De aanschaf van de camera’s en andere apparatuur, van chemicaliën, de huur van hotelkamers en atelierruimte, zes jaar reizen en een oogst van rond de 250 bruikbare foto’s: het aardige is dat wij in Meessens geval weten wat het allemaal heeft gekost. Uitgever De Bussy gaf voor in de fondscatalogus van Meessens foto’s openheid van zaken: “de finantieele opofferingen die volgens naauwkeurige aantekeningen de niet onbelangrijke som van f. 34000 – bedragen”. Op de tegenoverliggende pagina gaf De Bussy in de ‘Prijslijst’ vanzelfsprekend ook op wat de uitgever van de platen daarvoor terug wilde zien: voor de volledige verzameling, bestaande uit 175 Landschappen ‘formaat heel plaque en cabinet’ én vijfenzeventig Volkstypen, handgekleurd en op visitekaartformaat, het geheel in een notenhouten doos, diende de belangstellende het aanzienlijke bedrag van 225 guldens te betalen. Per stuk werden de landschappen voor f 1.25 verkocht en de volkstypen voor 50 cent.

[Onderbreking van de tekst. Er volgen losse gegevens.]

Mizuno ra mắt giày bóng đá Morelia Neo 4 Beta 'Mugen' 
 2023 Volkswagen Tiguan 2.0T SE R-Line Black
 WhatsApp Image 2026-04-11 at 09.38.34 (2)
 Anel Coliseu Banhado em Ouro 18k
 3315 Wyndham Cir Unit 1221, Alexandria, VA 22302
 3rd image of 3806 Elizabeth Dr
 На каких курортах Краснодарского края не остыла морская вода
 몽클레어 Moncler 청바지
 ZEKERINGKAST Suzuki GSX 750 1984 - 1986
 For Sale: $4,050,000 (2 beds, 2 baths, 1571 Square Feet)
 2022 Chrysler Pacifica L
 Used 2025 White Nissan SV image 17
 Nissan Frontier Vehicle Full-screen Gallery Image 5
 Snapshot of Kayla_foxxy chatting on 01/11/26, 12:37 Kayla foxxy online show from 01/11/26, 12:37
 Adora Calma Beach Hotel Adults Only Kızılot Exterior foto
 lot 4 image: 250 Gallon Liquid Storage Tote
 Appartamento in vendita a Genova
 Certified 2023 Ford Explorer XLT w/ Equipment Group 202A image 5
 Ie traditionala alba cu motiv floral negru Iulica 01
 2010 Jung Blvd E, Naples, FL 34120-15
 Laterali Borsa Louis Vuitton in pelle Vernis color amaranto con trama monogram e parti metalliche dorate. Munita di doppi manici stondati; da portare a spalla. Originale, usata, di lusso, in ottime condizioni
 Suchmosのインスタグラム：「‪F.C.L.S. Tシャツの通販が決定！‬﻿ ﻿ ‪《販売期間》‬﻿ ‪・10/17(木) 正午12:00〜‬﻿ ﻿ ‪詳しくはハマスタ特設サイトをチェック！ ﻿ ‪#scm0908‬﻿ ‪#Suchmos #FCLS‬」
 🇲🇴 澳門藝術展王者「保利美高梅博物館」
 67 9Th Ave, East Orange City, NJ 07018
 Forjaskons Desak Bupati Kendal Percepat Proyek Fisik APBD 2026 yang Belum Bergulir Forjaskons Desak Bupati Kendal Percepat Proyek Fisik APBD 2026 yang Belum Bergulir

Een kleine rekensom leert dat de fotograaf minstens 150 sets van de complete serie van 250 foto’s zou moeten drukken en afzetten om het geld dat hij erin stak er ook weer uit te halen. In 1875 werd de serie in Parijs getoond. Kort daarna adverteerde De Bussy in de Indische Letterbode. De foto’s werden opnieuw uit de kast gehaald en geëxposeerd op de Internationale Koloniale en Uitvoerhandel Tentoonstelling in 1883 in Amsterdam naast de afdrukken die de Amsterdamse fotograaf Pieter Oosterhuis (of één van zijn medewerkers) maakte van de ‘Indische’ negatieven van H. Veen, foto’s van Woodbury & Page en kooldrukken van C. Lang, die allen werkzaam waren in Nederlands-Indië.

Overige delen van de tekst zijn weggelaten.